### ACTIVITY:
Quote exactly the lines spanning from the top of the data below to the line that contains "玄関　玄関　シューズボックス", including both.

### INPUT DATA:
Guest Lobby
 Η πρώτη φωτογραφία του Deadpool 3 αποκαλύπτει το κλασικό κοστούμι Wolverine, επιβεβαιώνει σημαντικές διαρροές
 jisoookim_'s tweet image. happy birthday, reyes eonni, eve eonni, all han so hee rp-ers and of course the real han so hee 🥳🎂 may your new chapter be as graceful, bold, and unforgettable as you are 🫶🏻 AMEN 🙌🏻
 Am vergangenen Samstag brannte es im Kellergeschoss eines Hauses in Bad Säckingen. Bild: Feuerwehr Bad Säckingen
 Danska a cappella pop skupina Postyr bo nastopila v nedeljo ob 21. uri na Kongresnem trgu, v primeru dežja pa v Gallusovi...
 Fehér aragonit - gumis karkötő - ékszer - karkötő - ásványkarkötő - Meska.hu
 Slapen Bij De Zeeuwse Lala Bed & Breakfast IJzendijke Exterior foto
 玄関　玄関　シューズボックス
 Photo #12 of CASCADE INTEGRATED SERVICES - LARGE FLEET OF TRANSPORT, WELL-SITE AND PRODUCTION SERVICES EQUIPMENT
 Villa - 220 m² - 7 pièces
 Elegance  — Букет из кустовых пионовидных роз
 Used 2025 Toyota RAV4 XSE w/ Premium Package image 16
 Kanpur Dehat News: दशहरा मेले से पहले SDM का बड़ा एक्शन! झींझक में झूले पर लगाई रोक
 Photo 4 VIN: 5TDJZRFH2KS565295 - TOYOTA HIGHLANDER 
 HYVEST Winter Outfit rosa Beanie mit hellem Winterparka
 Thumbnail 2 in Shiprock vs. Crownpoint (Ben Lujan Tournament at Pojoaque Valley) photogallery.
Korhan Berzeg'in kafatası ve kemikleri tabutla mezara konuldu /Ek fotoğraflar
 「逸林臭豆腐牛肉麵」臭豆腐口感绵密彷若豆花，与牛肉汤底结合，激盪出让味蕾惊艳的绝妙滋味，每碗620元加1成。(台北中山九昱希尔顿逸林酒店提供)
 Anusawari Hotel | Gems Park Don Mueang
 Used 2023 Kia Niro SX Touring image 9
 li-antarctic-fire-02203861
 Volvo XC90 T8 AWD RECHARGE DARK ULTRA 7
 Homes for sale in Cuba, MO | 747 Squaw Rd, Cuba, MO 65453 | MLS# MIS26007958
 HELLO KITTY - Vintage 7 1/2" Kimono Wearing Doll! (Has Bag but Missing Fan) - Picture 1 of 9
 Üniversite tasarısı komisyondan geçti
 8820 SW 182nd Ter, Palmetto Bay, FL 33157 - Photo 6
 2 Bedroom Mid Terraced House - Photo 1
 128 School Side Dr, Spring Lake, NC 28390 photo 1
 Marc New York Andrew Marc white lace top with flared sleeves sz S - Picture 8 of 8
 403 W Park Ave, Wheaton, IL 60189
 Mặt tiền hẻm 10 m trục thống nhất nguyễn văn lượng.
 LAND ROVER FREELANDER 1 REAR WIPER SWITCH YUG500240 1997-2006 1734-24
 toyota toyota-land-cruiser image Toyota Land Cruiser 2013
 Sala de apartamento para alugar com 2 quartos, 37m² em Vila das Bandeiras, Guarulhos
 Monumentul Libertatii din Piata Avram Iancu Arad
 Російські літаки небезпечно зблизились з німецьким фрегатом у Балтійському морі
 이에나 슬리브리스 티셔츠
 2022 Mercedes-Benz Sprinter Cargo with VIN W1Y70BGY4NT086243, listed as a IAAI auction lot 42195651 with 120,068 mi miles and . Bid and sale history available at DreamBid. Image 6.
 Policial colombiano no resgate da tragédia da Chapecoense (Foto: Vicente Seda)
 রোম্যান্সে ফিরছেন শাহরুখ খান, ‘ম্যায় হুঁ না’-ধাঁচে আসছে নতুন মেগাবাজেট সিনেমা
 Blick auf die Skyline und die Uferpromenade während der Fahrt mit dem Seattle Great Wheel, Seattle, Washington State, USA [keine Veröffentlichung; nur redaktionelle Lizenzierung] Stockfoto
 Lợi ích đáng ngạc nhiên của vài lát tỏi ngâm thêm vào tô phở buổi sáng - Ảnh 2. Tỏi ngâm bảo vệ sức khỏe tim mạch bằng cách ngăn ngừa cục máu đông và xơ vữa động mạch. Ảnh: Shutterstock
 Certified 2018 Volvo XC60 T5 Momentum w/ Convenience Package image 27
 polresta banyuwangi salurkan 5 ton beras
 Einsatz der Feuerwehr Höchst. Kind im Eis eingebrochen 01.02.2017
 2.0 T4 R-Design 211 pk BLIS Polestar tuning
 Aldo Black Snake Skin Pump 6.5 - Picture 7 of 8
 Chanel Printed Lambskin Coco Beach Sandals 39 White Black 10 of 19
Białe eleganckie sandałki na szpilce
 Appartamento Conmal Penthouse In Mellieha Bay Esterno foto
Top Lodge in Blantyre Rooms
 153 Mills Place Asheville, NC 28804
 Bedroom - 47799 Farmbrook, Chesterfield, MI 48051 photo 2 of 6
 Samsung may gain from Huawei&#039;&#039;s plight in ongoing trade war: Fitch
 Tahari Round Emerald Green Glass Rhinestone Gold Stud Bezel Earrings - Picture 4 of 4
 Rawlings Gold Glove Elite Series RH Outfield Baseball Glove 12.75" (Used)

### ANSWER FOR THIS EXERCISE:
Guest Lobby
 Η πρώτη φωτογραφία του Deadpool 3 αποκαλύπτει το κλασικό κοστούμι Wolverine, επιβεβαιώνει σημαντικές διαρροές
 jisoookim_'s tweet image. happy birthday, reyes eonni, eve eonni, all han so hee rp-ers and of course the real han so hee 🥳🎂 may your new chapter be as graceful, bold, and unforgettable as you are 🫶🏻 AMEN 🙌🏻
 Am vergangenen Samstag brannte es im Kellergeschoss eines Hauses in Bad Säckingen. Bild: Feuerwehr Bad Säckingen
 Danska a cappella pop skupina Postyr bo nastopila v nedeljo ob 21. uri na Kongresnem trgu, v primeru dežja pa v Gallusovi...
 Fehér aragonit - gumis karkötő - ékszer - karkötő - ásványkarkötő - Meska.hu
 Slapen Bij De Zeeuwse Lala Bed & Breakfast IJzendijke Exterior foto
 玄関　玄関　シューズボックス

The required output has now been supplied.